What the task requires: A faithful copy is required of the lines from the top of the entries through the line that contains "Mini Five Clover", both included, with no pictures.

Source records:
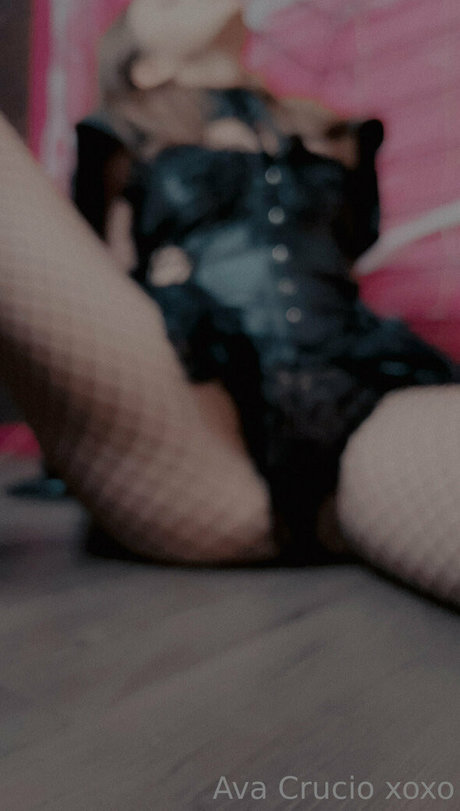 avacruciofree sex model images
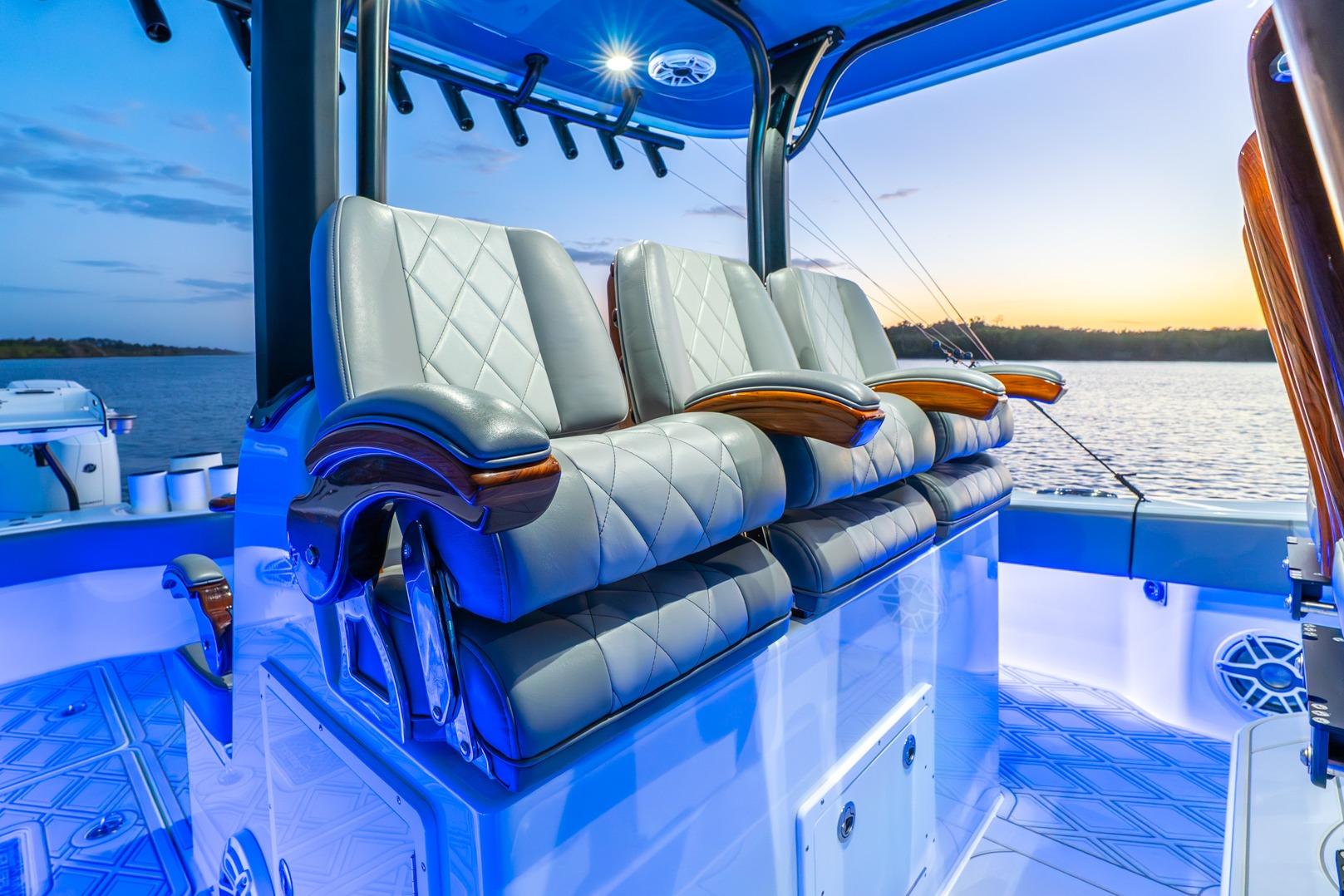 2025 Freeman 43 Center Console for sale - YachtWorld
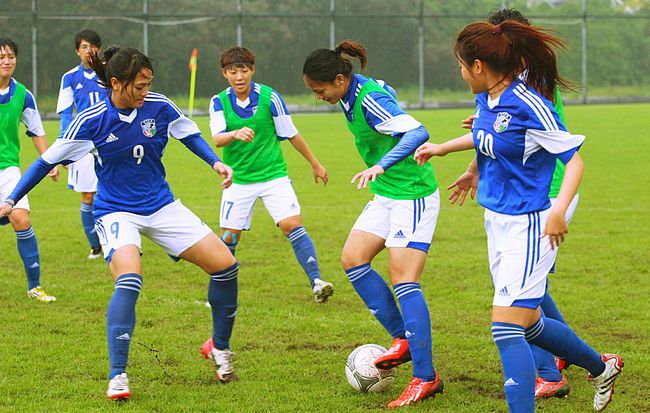 中華女足隊在雨中持續備戰。（中華足協提供）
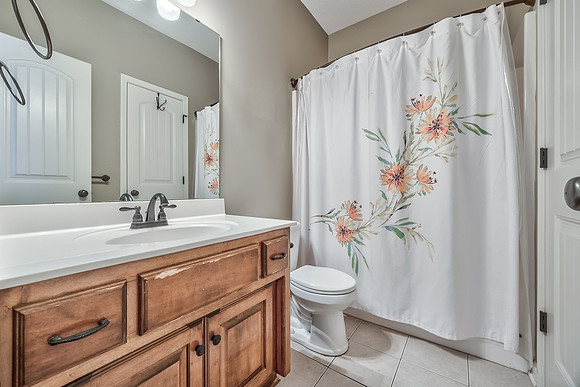 12201EwingAve-29
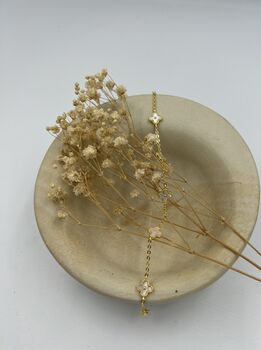 Mini Five Clover Bracelet In Pearl And Gold, 4 of 5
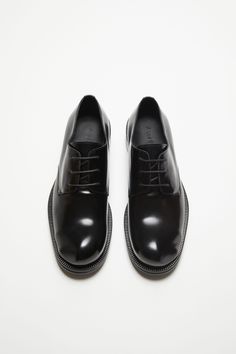 Derby lace-up shoes are crafted from leather and detailed with a bump finish on the toe. FN-MN-SHOE000216 Low-top Calf Leather Lace-up Shoes For Derby, Calf Leather Oxfords With Rubber Sole For Derby, Calf Leather Lace-up Shoes For Derby With Textured Sole, Calf Leather Lace-up Shoes For Derby With Stitched Sole, Designer Oxfords With Contrast Sole And Wingtip, Calf Leather Lace-up Oxfords With Contrast Sole, Designer Wingtip Oxfords With Contrast Sole, Designer Oxfords With Contrast Sole And Round Toe, Calf Leather Lace-up Oxfords With Rubber Sole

Response:
 avacruciofree sex model images
 2025 Freeman 43 Center Console for sale - YachtWorld
 中華女足隊在雨中持續備戰。（中華足協提供）
 12201EwingAve-29
 Mini Five Clover Bracelet In Pearl And Gold, 4 of 5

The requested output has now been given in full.